In Basket: May 2012

The Herb Companion readers discuss botanical postcards, an herb seasoning blend, immune defense, German Commission E, and more in this month’s “In Basket.”

| April/May 2012

  • Elecampane sprang from Helen of Troy’s tears. Horehound a bitter juice; a singular remedy against the cough. E.S.R.
    Postcard courtesy Wendy Strong
  • Marigolds the sun’s bride signifies happiness stored in recollections. Angelica, her virtues were revealed by an angel. E.S.R.
    Postcard courtesy Wendy Strong
  • He who would live for aye must eat sage in May. Thyme: beloved of fairies and bees, is the emblem of courage. E.S.R.
    Postcard courtesy Wendy Strong
  • Valerian hated by witches. Woodruff for church garlands and also for pomanders. E.S.R.
    Postcard courtesy Wendy Strong
  • Woad used by ancient Briton’s. Hyssoptea and syrup were famous cordials. E.S.R.
    Postcard courtesy Wendy Strong

Return to Sender: Botanical Postcards

One of our devoted readers, Wendy Strong of Raleigh, North Carolina, forwarded us a set of botanical postcards she found when going through her mom’s belongings. Wendy believes her mom, Jean, was gifted these cards by Wendy’s grandmother, Peg. Both were once members of their local herb society. These cards feature fun facts and sayings, like “He who would live for aye must eat Sage in May,” and gorgeous illustrations. See the Image Gallery for more botanical postcards.

An Herb Seasoning Blend

Here is a blend I like and use often. It was submitted to The Herb People Club in Oklahoma; it’s from a collection of recipes that they put together. Use it in pasta, breads, oils, vinegar dressings and butters. Also try it on herb crusts for chicken, fish or pork by combining 2 tablespoons of the blend with 1 1/2 cups breadcrumbs.
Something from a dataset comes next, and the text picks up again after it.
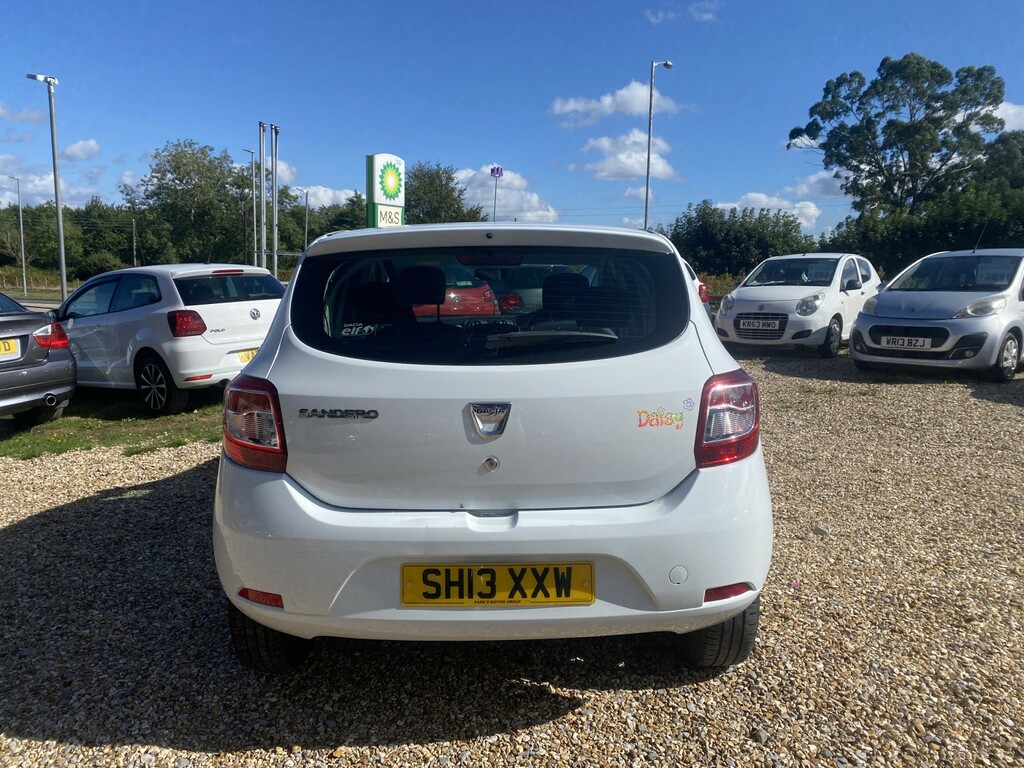 Dacia Sandero 1.1 Laureate 75 Bhp White #16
Healthy Herb Seasoning Blend 

• 2 tablespoons dried rosemary
• 2 tablespoons dried winter savory
• 2 tablespoons garlic powder
• 2 tablespoons dried parsley
• 2 tablespoons dried chives
• 4 teaspoons onion powder
• 4 teaspoons dried oregano

Blend dried ingredients thoroughly and store in an airtight glass container away from heat and light.

—Dale Duncan, Dannevirke, New Zealand

Thanks for sharing! See Create Your Own Herbal Blends to find more of our favorite herb blends. —Eds.

Herbal Recipe Cards Suggestion

Could you put herbal recipe cards in the magazine? Maybe feature about four or so each issue? Like remedies for headaches, colds or the flu; something that I could put in a recipe card box and easily look up again.

—Paul Payne, Owensboro, Kentucky

We love this idea and we’ll keep it in mind for future issues. —Eds.

Immune Defense

In the March 2012 “From Us, To You,” Allison Martin said she discovered a tincture that contained maitake mushroom, astragalus root, shiitake mushroom, turkey tail mushroom and American ginseng root. Where can you find this?

—Alan South, Louisville, Kentucky

The tincture is called Immunaid and is produced by Teeter Creek, which is a company located in Missouri. That brand might not be available in your area, but an Herb Pharm tincture, called Immune Defense, has very similar ingredients. —Eds.

German Commission E Information

Does the German Commission E have a website? Is there access to current information on the herbs they review?

—Michele Steinert, Santa Rosa, California

Browse the Commission E monographs by visiting the American Botanical Council website. You can also pick up The Complete German Commission E Monographs (American Botanical Council, 1998) or Herbal Medicine: Expanded Commission E Monographs (Integrative Medicine Communications, 2000). —Eds.

Uses for Roses

What are my favorite things about roses? Let me count the ways! Roses are a necessary part of my garden. With roses, I make rose hip tea, salads, muffins, honey, sugar, lotion, soap and rosewater. I enjoy roses in fresh bouquets, potpourri and wreaths. Roses also pose as models in my paintings, photos and my ultimate “rose clay,” which creates sculptured birds, ornaments and keepsake boxes, a recipe that belonged to my great-great-great grandmother Churchill. I have refined and expanded it to include items made from dried and powdered rose petals.